社説 国連総会 首相演説 核なき世界 具体策足りぬ

 岸田文雄首相は国連総会での一般討論演説に臨み、ライフワークとする「核兵器のない世界」を目指して、取り組みを強化する考えを示した。

 今まさに、核兵器が使われるかもしれないとの不安が広がる中、意欲は買いたい。ウクライナに昨年侵攻したロシアが、核兵器による脅しを続けているからだ。

 とはいえ、演説は廃絶への具体策を欠く。柱となるのは核軍縮の議論促進を支える研究機関への資金提供ぐらい。被爆地が長年、訴えてきた「核なき世界」を掲げた割には踏み込み不足である。

 岸田首相の国連演説は昨年に続き2回目。気候変動や感染症、法の支配への挑戦などの課題に世界は直面していると指摘して、協調に向けた世界を目指すよう呼びかけた。

 人間の命や尊厳が最も重要との原点に立ち返るべきだとの訴えである。その延長線上にあるのが、今回の演説でも中心に据えた核軍縮だろう。

 ただ、道筋は依然として見えてこない。例えば新たに打ち出した海外の研究機関・シンクタンクへの30億円拠出。「核兵器のない世界に向けたジャパン・チェア」を設置するという。専門家による議論の場となるようだ。

 ジャパン・チェアには先例がある。政府は2019年、800万ドル(約9億円)を拠出し、英国のシンクタンク、国際問題戦略研究所(IISS)に設けてもらった。日本の外交・安全保障政策を研究する専門家のポストである。

 新たなジャパン・チェアのポストも似たようなものなのだろうか。たとえ核戦略に詳しい研究者が座っても、原爆による広島、長崎の惨禍を理解していなければ、日本が資金を出す意味はあるまい。

 具体策に乏しいのは、核拡散防止条約(NPT)重視の姿勢でも同じだ。維持・強化するという岸田首相の方針はうなずける。しかし、昨年の再検討会議は、ロシア1カ国の反対によって、最終合意は得られなかった。それをどうすれば強化できるのか。対応策は示されていない。
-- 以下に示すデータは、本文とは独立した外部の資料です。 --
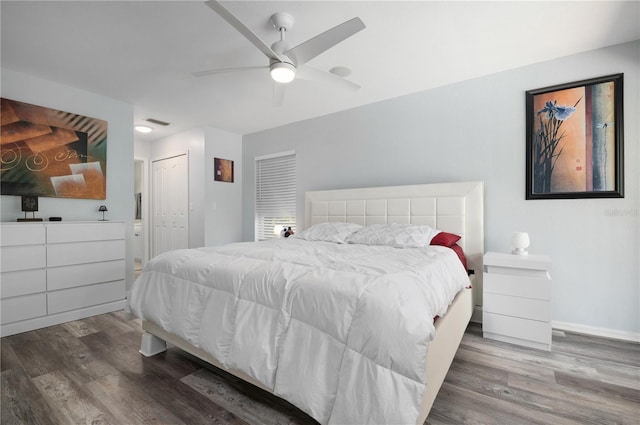 bedroom with ceiling fan, a closet, and hardwood / wood-style floors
 核廃絶へのさまざまな課題を丁寧に示す意味は大きい。ただ、前向きな姿勢を見せるだけでは、「やっている感」を出そうとしているとしか受け取れない。期待させた分、核廃絶を望む人々の失望を招くことになってしまう。

 兵器用核分裂性物質生産禁止条約(FMCT)の対応でも、成果は見通せない。岸田首相は関連の会合に出て、交渉の早期開始を訴えた。必要なことだが、後ろ向きな核保有国をどう説得するか。具体策がなければ、交渉の早期開始を訴えても、むなしさが募るだけになりかねない。

 演説では、核兵器禁止条約に触れなかった。被爆地の訴えを形にしたような条約にそっぽを向け続けている。被爆地の思いとの隔たりを埋める気があるのだろうか。

 核兵器がある限り、使われる恐れは消えず、人類が自滅するリスクはなくならない。それを防ぐには核廃絶しかない。被爆地の原点に立って、岸田首相は、そう保有国を説得するべきである。